- **Assignment**
Go to the line with "Immigrants from Dominica" in the material below and copy from there through the line with "安全なVPN利用と脆弱なVPN公開の違い", exactly. Pictures are not copied.

- **Exercise data**
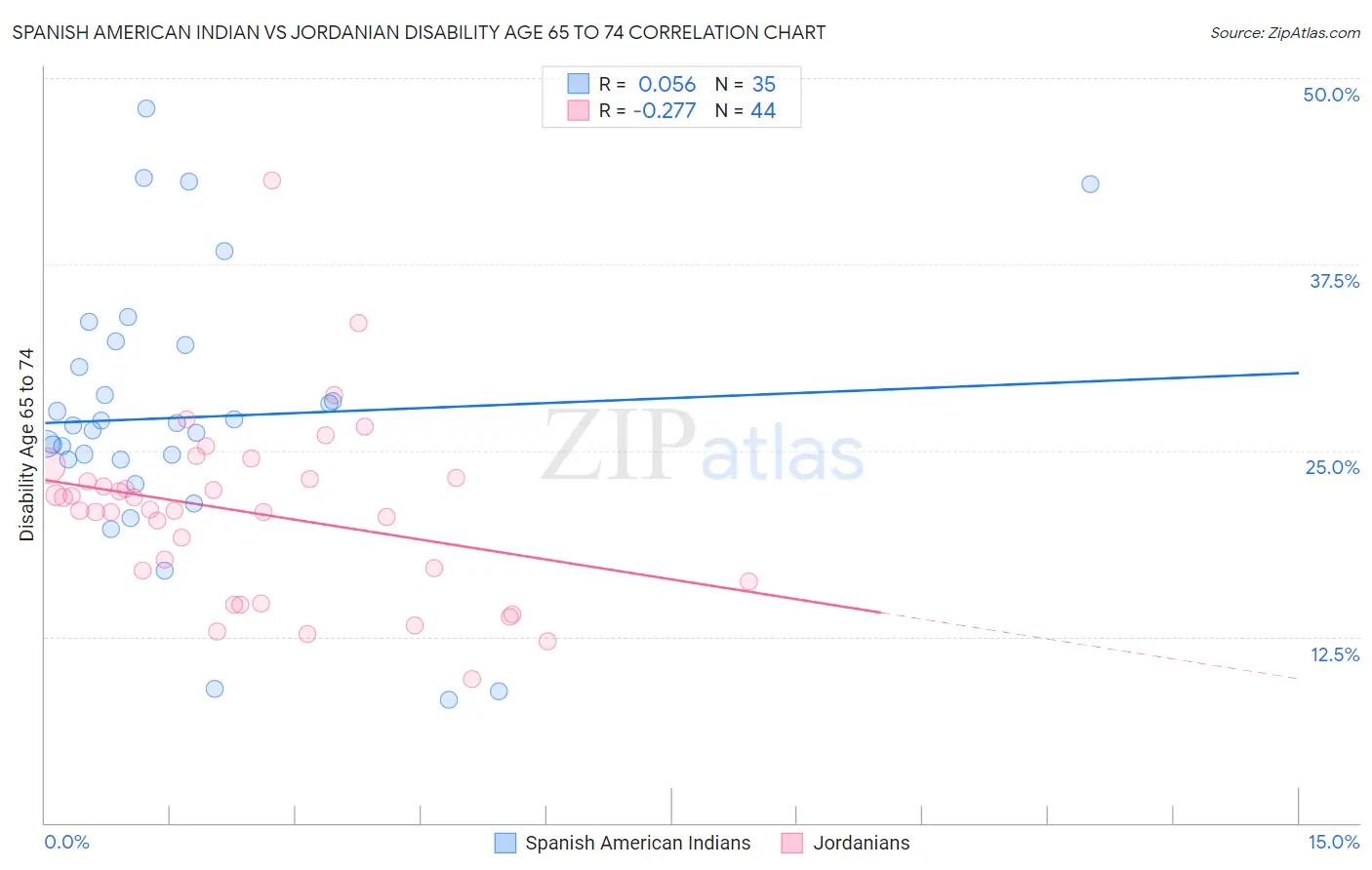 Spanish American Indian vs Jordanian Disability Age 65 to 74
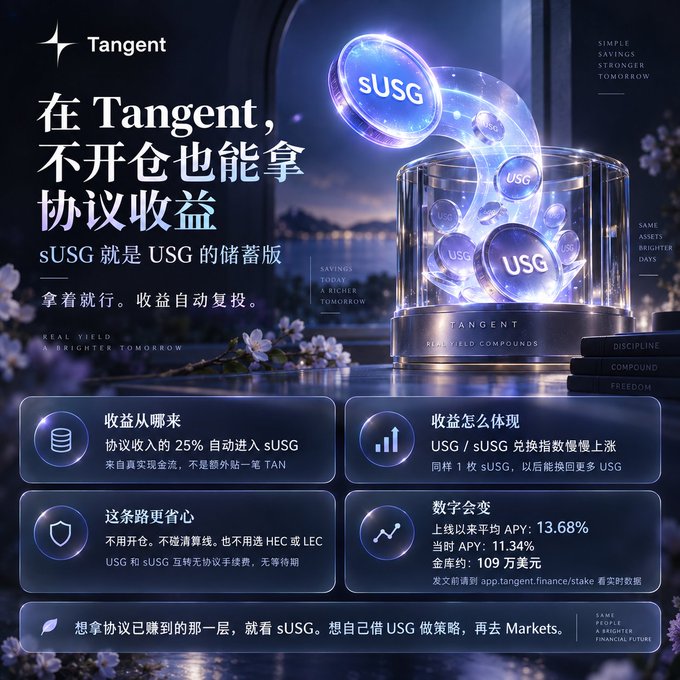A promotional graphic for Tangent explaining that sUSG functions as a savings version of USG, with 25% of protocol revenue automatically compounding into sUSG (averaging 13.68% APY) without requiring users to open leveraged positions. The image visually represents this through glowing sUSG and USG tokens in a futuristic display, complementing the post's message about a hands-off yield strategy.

--

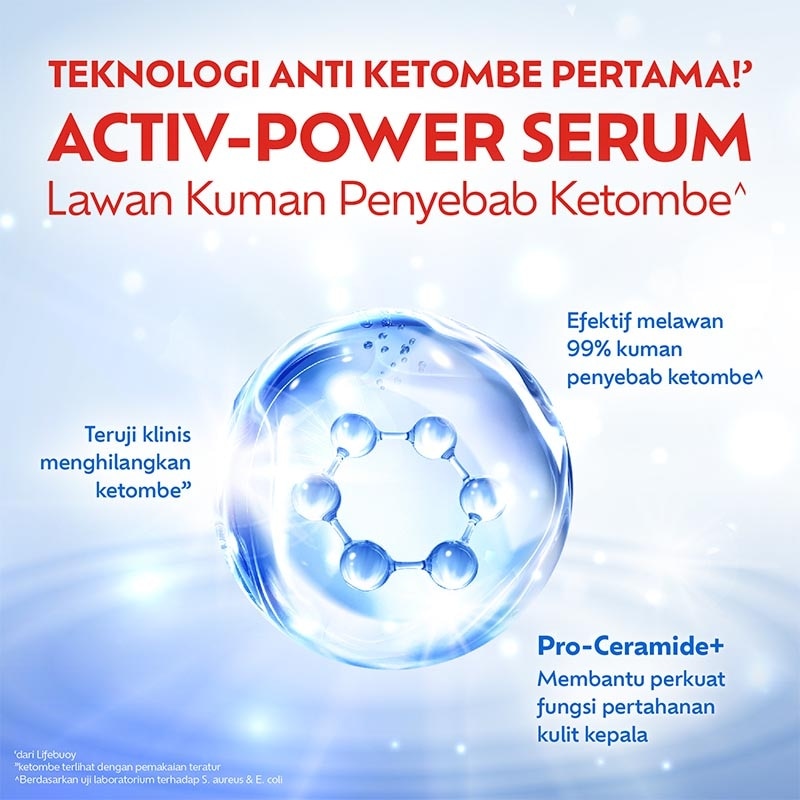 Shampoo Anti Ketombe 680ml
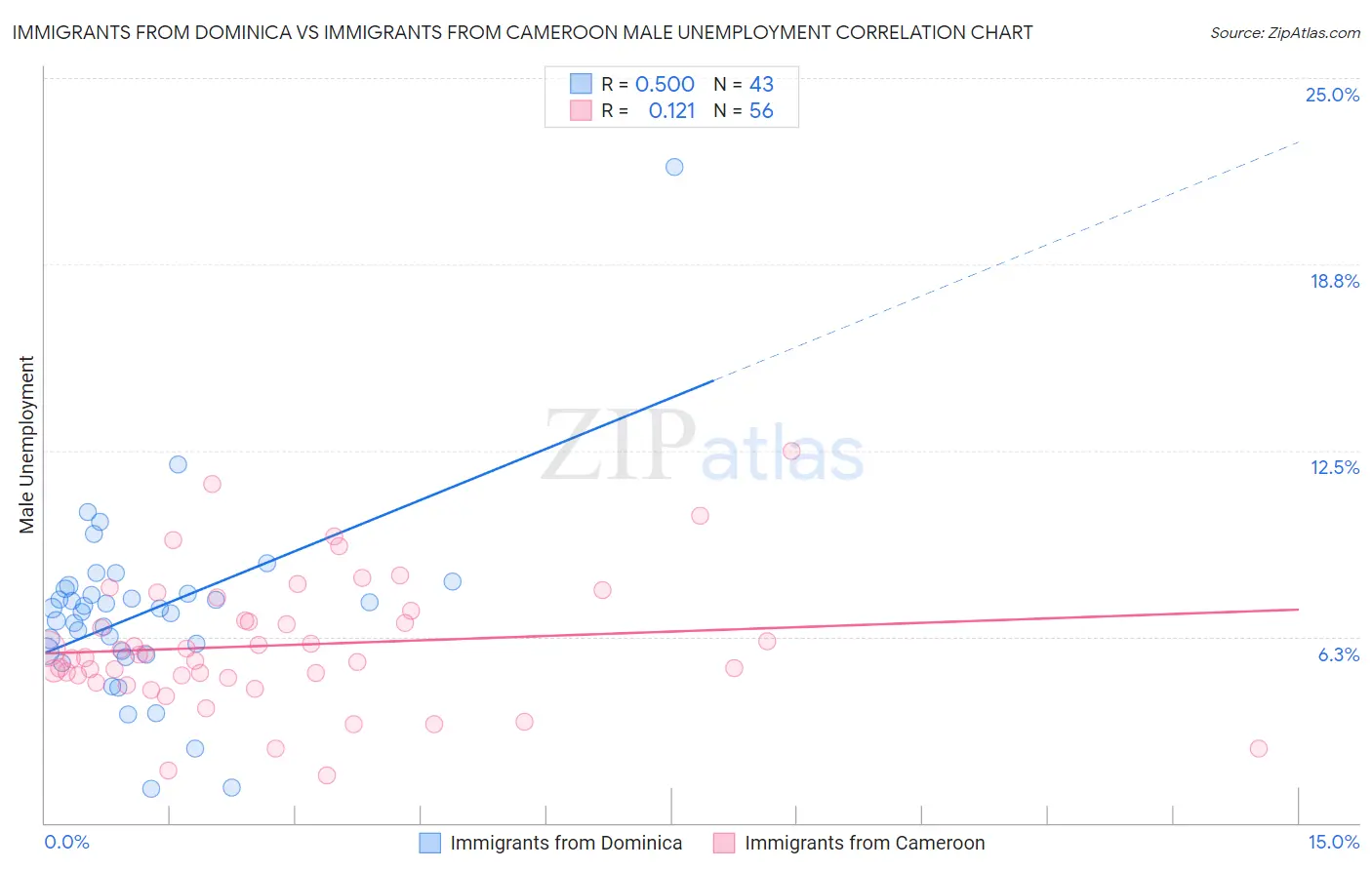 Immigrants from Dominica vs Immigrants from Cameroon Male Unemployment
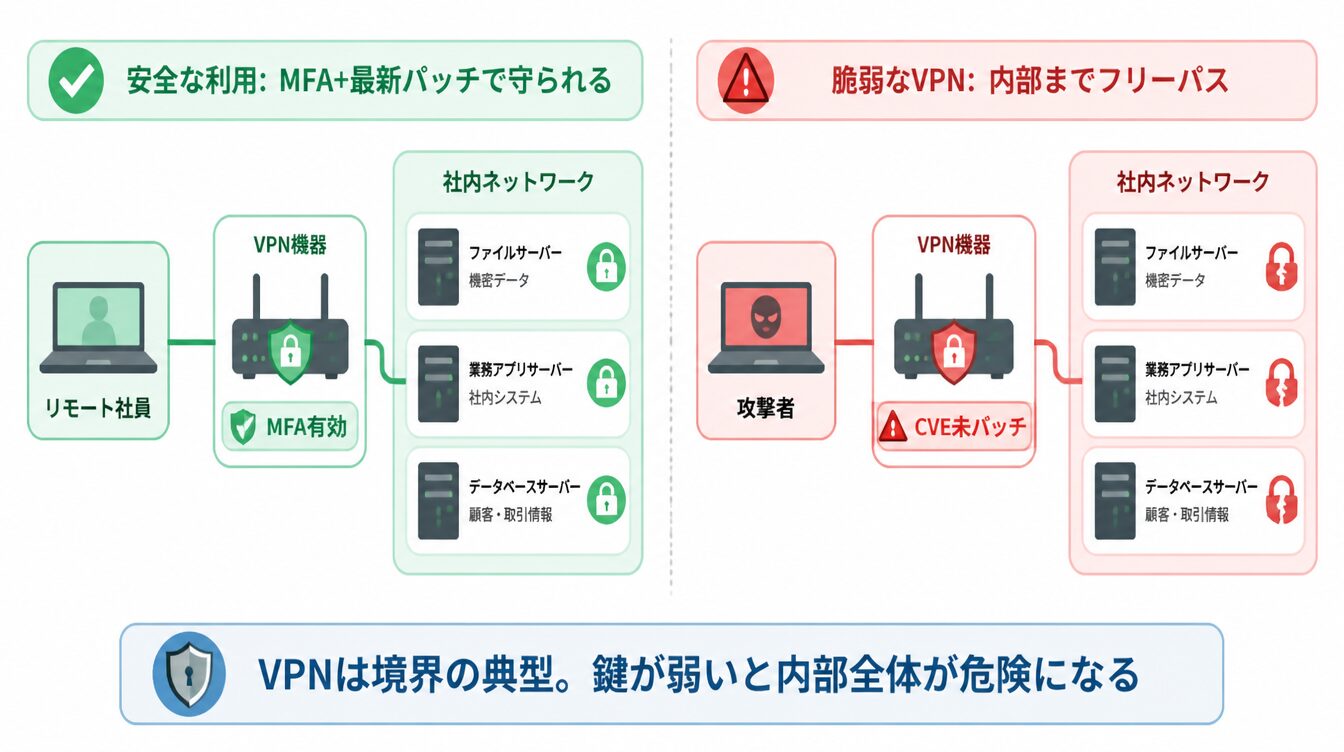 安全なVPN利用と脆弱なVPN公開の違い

--

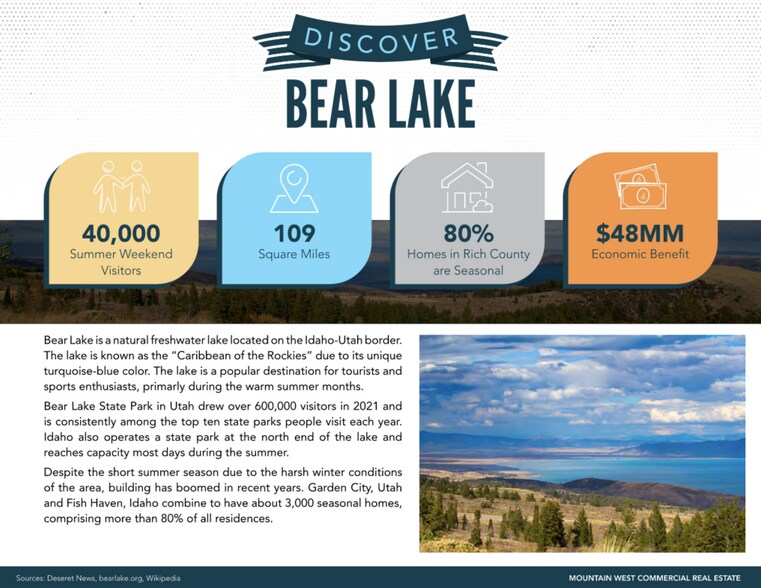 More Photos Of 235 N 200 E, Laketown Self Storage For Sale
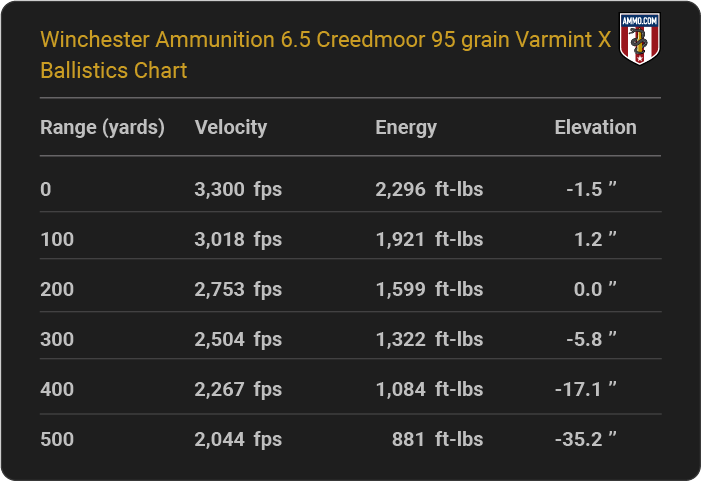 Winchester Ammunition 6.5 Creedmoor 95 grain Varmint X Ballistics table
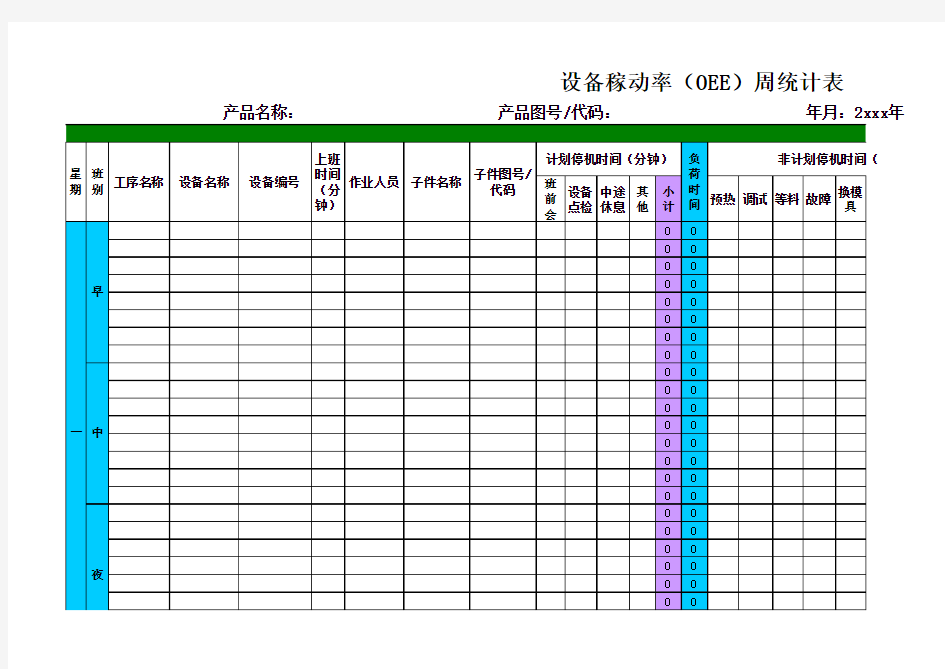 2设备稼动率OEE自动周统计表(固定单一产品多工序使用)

- **Exercise result**
 Immigrants from Dominica vs Immigrants from Cameroon Male Unemployment
 安全なVPN利用と脆弱なVPN公開の違い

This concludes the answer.